Out of the woods we went, and I breathed a sigh of relief when I cleared the bushes into an open field surrounding by wood cabins. The village which used to be situated on the terrace is called Bulowan, after the Truku word meaning "echo". It is said that if you shout into the mountains, you can hear your echo bounce back and reverberate in the valley below. It was here that the ancestors of the Truku people lived and hunted for decennia, if not millennia. For generations, like all the 14 (officially recognised) aboriginal peoples of Formosa, the Truku went about their traditional and ancient ways until the Han and the Japanese people appeared and gradually forced the aboriginals to move down into the plains. Many traditions have been lost, and through the decades aboriginal children have been assimilated into 'mainstream' society through education and migration into the cities looking for work. In one word, the traditions are dying. Thanks to efforts of people like our guide, and others who continue to perform their traditional songs and dance to curious foreigners like ourselves, the lifeline and cultural uniqueness continues to flow on like the creek that has flowed through the gorge since time immemorial.

We shouted as loud as we could, and eventually could indeed hear our echo. Hear our echo come back at us, and for a moment, recall the echoes and past voices of the Truku people who once roamed this land freely.

03 March 2010

Hualien


I could feel her. Her low rumbling through my bare feet, her gentle tickle on my soles and toes. And I could hear her. Her boisterous laughter, her suppressed cries blowing, blowing through the messenger wind into my ears.

The sea melted into different shades of blue as it spread and greeted the sky. Closer to shore was a light, almost see-through tone which gradually darkened on the horizon. The waves hurried ashore in a flow of confused foam and white, but almost as quickly retreated, each time advancing further and further, trying to grab and lure me in. I stood tall on top of a boulder, its surface cut and smoothed by the constant bombardment of the sea, wind, and passage of time. Lonely crops of rock bravely peaked out of the ocean, fearlessly bearing the brutal brunt of the Pacific that constantly collided against their determined bodies. Behind me, were the solemn-looking scarred faces of mountains that soared into the skies until their heads played hide and seek with passing cotton clouds.

I breathed deep and absorbed her breath. Pure and salted, slightly moist with a scent of wood soaking. In my open palms I felt her warm handshake, and sprinkles of dews against my exposed arms. She stroked my hair, and brushed against my cheeks. I grew goosebumps and ever fond of her welcoming and embracing presence all around me. In the ocean, in the wind, in the sun, in the sand beneath my feet, and in the air that warmly wrapped around me in a comforting bubble that shielded away all the noise and troubles of the world.

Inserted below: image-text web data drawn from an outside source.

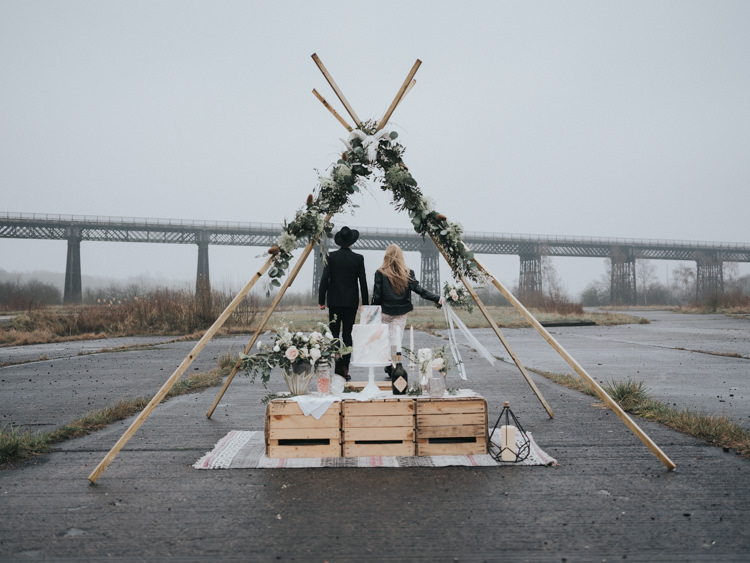 Alternative Edgy Naked Tipi Backdrop Wedding Ideas http://www.ivoryfayre.com/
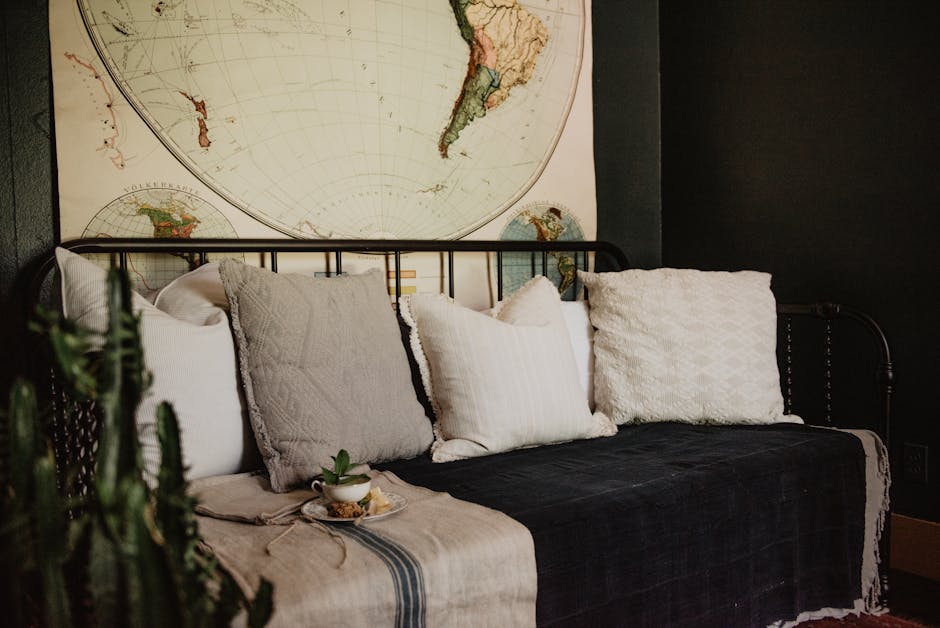 Modern home interior featuring a comfortable sofa with pillows and a vintage map backdrop for stylish relaxation.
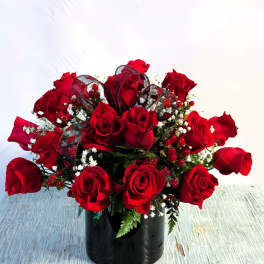 Red roses arranged in a black vase with ribbon and berry accents
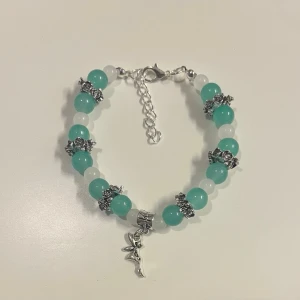  pärlarmband med tingeling berlock  - HANDGJORT armband med turkosa och vita pärlor, dekorerat med silvriga detaljer med en tingeling berlock. Armbandet har justerbar kedja och karbinlås för enkel användning. 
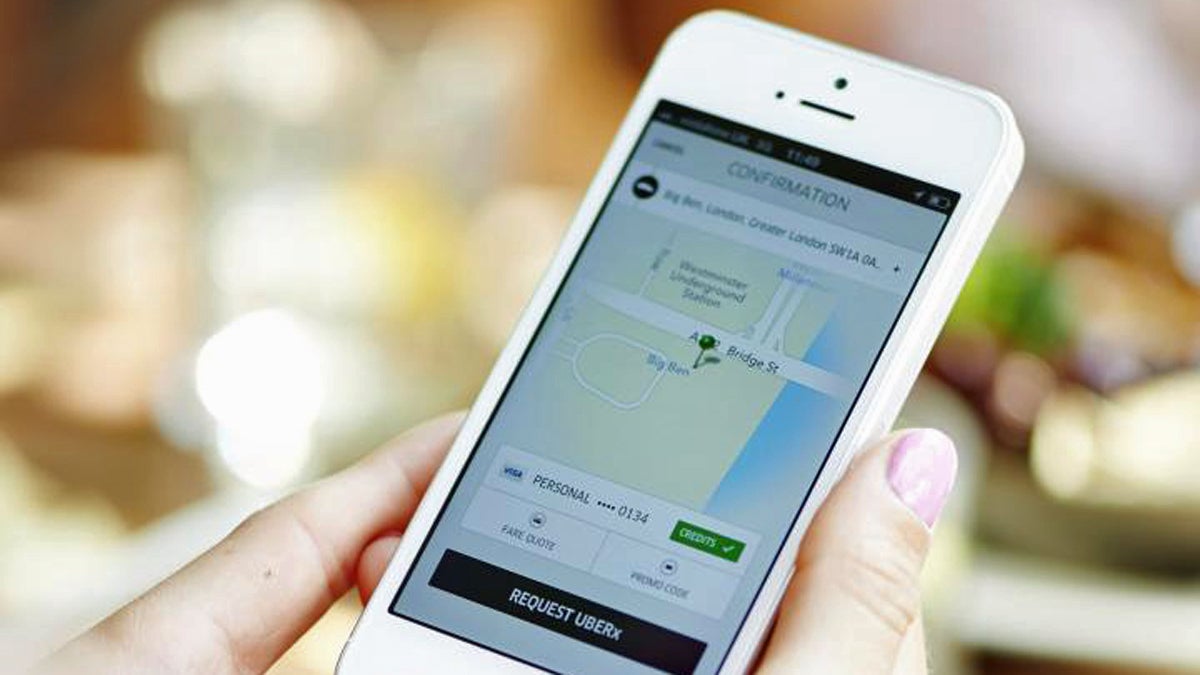  A model demonstrates how to use Uber's app to hail a ride. (Image courtesy of Uber)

For a moment, I was all alone with nature, and absorbed in her unblemished innocence and beauty.

28 February 2010

Remember 228

The moon was fully round, bright and hanging low. All around us, the explosion and cracking of fireworks that momentarily dazzle the skies and fill the air with smoke. People with happy faces wander the streets, while children bounce around with lanterns dangling from their ha nds. The first full moon after the lunar new year marks the end of the season of festivities, and is celebrate with fireworks and eating glutinous rice balls (湯圓) filled with sesame or peanut paste.

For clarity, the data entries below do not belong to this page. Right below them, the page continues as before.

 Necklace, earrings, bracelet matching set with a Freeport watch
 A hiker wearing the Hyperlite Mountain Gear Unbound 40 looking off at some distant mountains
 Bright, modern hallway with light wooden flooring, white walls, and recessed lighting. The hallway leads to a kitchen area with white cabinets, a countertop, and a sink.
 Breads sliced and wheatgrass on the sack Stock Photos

This year, this big festival happens to fall on February 28 (228), a momentous day and turning point in Taiwan's modern political history. Next the celebrations and joyous ceremonies at crowded temples, for many, this day is a reminder of Taiwan's dark totalitarian past. For it was on this day in 1947 that the beginnings of the White Terror era began. To those who have lost family and friends, 228 brings back painful memories. To others, it is a day to be free from work, as it is also Peace Memorial Day. Perhaps not without reason.

Walking around the streets of Taiwan, you can feel the prosperity and abundant vibrant life and culture that people enjoy today. Today's Taiwan is a democracy, founded on the rule of law that defends the rights of its many peoples of different origins. Taiwanese, Hakka, Mainland Chinese, Aboriginals and New Immigrants, such as Filipinos, Vietnamese, Indonesians and other South East Asians, live on this tiny piece of land. Despite random acts of fist-fighting in parliament, and the seemingly ominous murders and rampant disasters that the media love to focus on, Taiwan today is a harmonious society.

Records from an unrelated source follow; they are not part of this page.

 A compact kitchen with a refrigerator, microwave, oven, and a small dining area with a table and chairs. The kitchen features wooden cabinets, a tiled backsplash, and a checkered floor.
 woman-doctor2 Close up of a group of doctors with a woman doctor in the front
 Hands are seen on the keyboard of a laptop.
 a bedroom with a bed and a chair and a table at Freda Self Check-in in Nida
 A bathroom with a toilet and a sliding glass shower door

But it was not always so. 228 in 1947 marked the beginning of a brutal crackdown against influential Taiwanese people by the invading Chiang Kai-Shek regime.

...troops from the mainland arrived ... and indulged in three days
of indiscriminate killing and looting. For a time everyone seen on the
streets was shot at, homes were broken into and occupants killed. In the
poorer sections the streets were said to have been littered with dead.
There were instances of beheadings and mutilation of bodies, and
women were raped, the American said.
Two foreign women, who were near at Pingtung near Takao, called the
actions of the Chinese soldiers there a "massacre." They said unarmed
Formosans took over the administration of the town peacefully on March 4
and used the local radio station to caution against violence.
Chinese were well received and invited to lunch with the Formosan
leaders. Later a bigger group of soldiers came and launched a sweep through
the streets.
The people were machine gunned. Groups were rounded up and
executed.
What began as a peaceful demonstration against the corruption and ineptitude of the Nationalist Chinese government turned into a bloody massacre that in the following decades would cost the lives and tears of tens, if not hundreds of, thousands of Taiwanese. Many were imprisoned for opposing the government (see: Green Island Serenade), and the longest Martial Law in modern history, which lasted almost four decades, was imposed by the Nationalist Chinese regime in order to oppress Taiwanese people and consciousness.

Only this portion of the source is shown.